*Problem to solve:*
Only one span is wanted from the lines below: from the one with "Pearl Link Stud Earrings image 1" up to and including the one with "CAMISA YUAN CELESTE". Copy it exactly, without images.

*Available data:*
—————

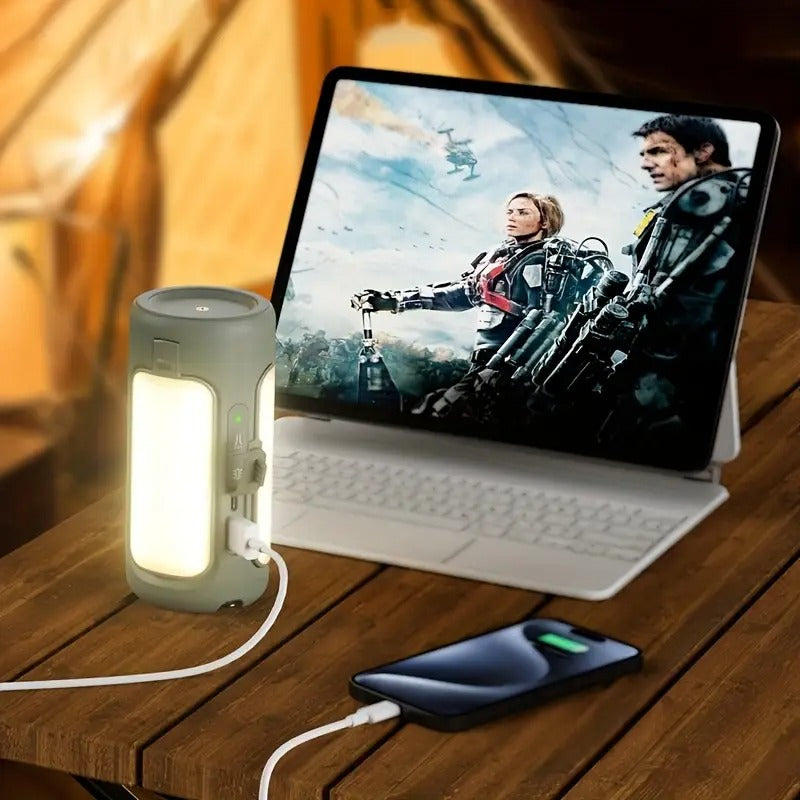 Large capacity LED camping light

—————

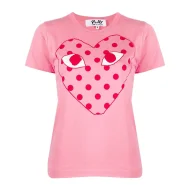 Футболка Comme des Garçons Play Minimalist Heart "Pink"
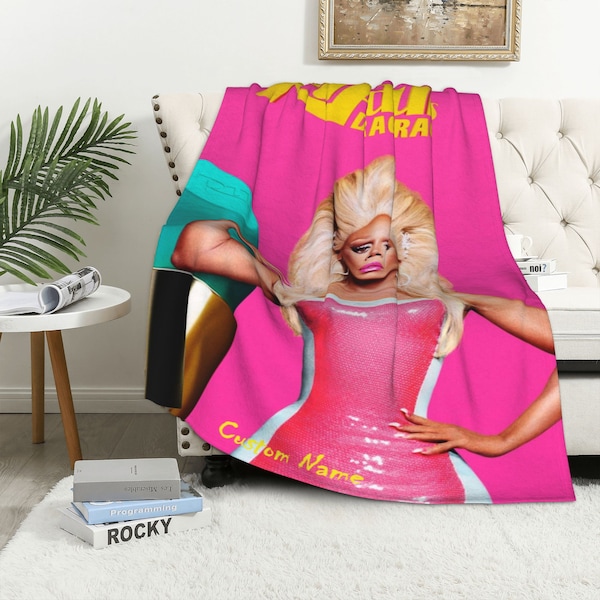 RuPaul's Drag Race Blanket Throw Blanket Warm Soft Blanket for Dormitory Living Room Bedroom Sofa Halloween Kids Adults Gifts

—————

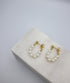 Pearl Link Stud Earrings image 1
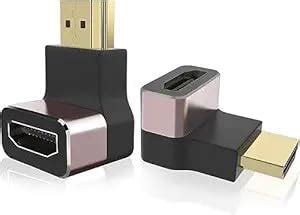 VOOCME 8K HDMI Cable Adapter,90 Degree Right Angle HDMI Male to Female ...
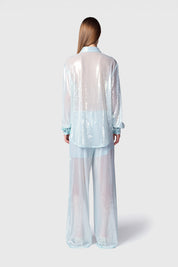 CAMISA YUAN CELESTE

—————

*Response:*
 Pearl Link Stud Earrings image 1
 VOOCME 8K HDMI Cable Adapter,90 Degree Right Angle HDMI Male to Female ...
 CAMISA YUAN CELESTE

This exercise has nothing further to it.